The MASTERS OF HORROR series is turning out to be a solid and steady source of decent horror entertainment as the winter months approach. The latest episode, CHOCOLATE, is probably the least horrific overall, but it has some nice TWILIGHT ZONE elements to it that make it an entertaining hour of television at the very least. Perhaps its lack of gruesome horror comes from the fact that its director, Mick Garris, is a veteran of primarily television projects - most of those adaptations of Stephen King books (most famously, THE STAND).
This episode centers around the character of Jamie, played by Henry Thomas. Yes, that Henry Thomas, the little kid from E.T. Now, all grown up, Thomas plays a divorced father who works in the artificial flavor development field – making him particularly sensitive to tastes and smells. Ironically, he’s also on an “eating-like-a-rabbit” diet, for no real reason other than being alone and miserable.
Strange things start to happen to Jamie, beginning with the sensation of sweet chocolate in his mouth (a taste he can describe in detail due to his particular skill). Soon he gets visions of a sketch of a cat. All in all, it seems that these sensations which occur to Jamie belong to someone else. The most effective of these moments occurs when he begins to flirt with a girl at a rock show (a show featuring his co-worker played by Matt Frewer in a role he’s just a few years too old for). While they’re talking, suddenly Jamie’s hearing transforms into soft classical music – the rock show and the girl’s voice disappear. It’s a very effective use of sound editing.
The visions and sensations escalate – at one point Jamie imagines himself having sex with a man. All becomes clear one day when in his mind he looks in the mirror to see his own naked body – and it is of a beautiful (and I mean BEA-U-TI-FUL) woman, the French Canadian Catherine, played by Lucie Laurier. Jamie has formed some sort of psychic connection with her, and then determines to track her down. Really, who can blame him? Did I mention that she is gorgeous? From this point forward things take a different direction until the story reaches its denouement.

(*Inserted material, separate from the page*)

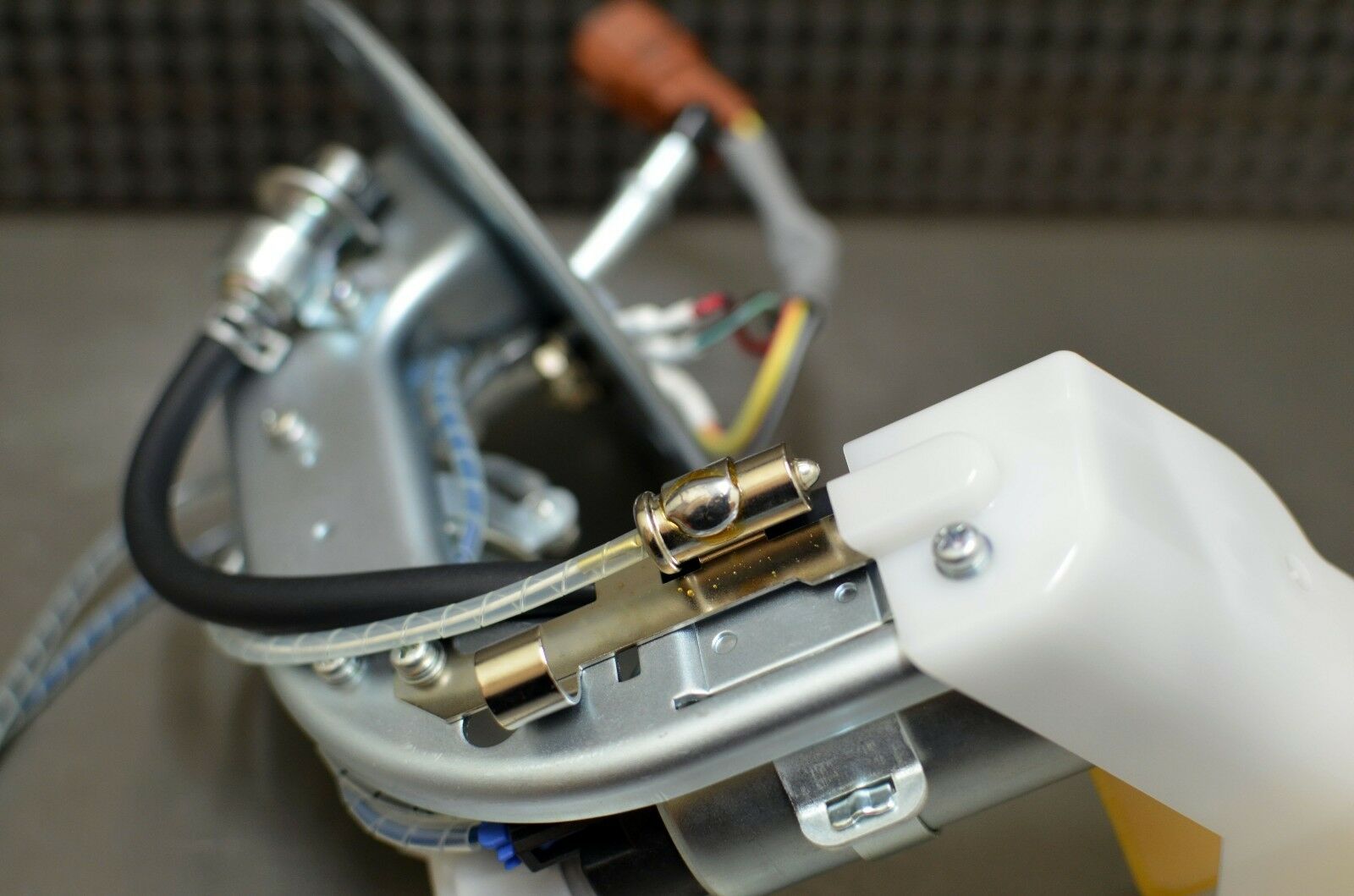 NEW Genuine Suzuki Fuel Pump Assembly Boulevard C50 VL800 C 06-15 15100-41F30 - Fresh Stock Dated February 2026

CHOCOLATE works because Garris knows the material so well, having based it his own short story. It has moments of violence and there is blood, but not nearly as much as the previous episodes. It’s more of a curiosity, but a very well-made one at that. From the episode’s opening, I was hooked and the pace kept up until the end. Having Lucie Laurier in the episode certainly helped keep my attention, and I strongly recommend all creators of every film ever made cast this stunning lady.
CHOCOLATE is yet another strong entry in a series that continues to surprise. In terms of pure filmmaking, it’s the best episode since INCIDENT ON AND OFF A MOUNTAIN ROAD. I hope the next episode doesn’t let me down.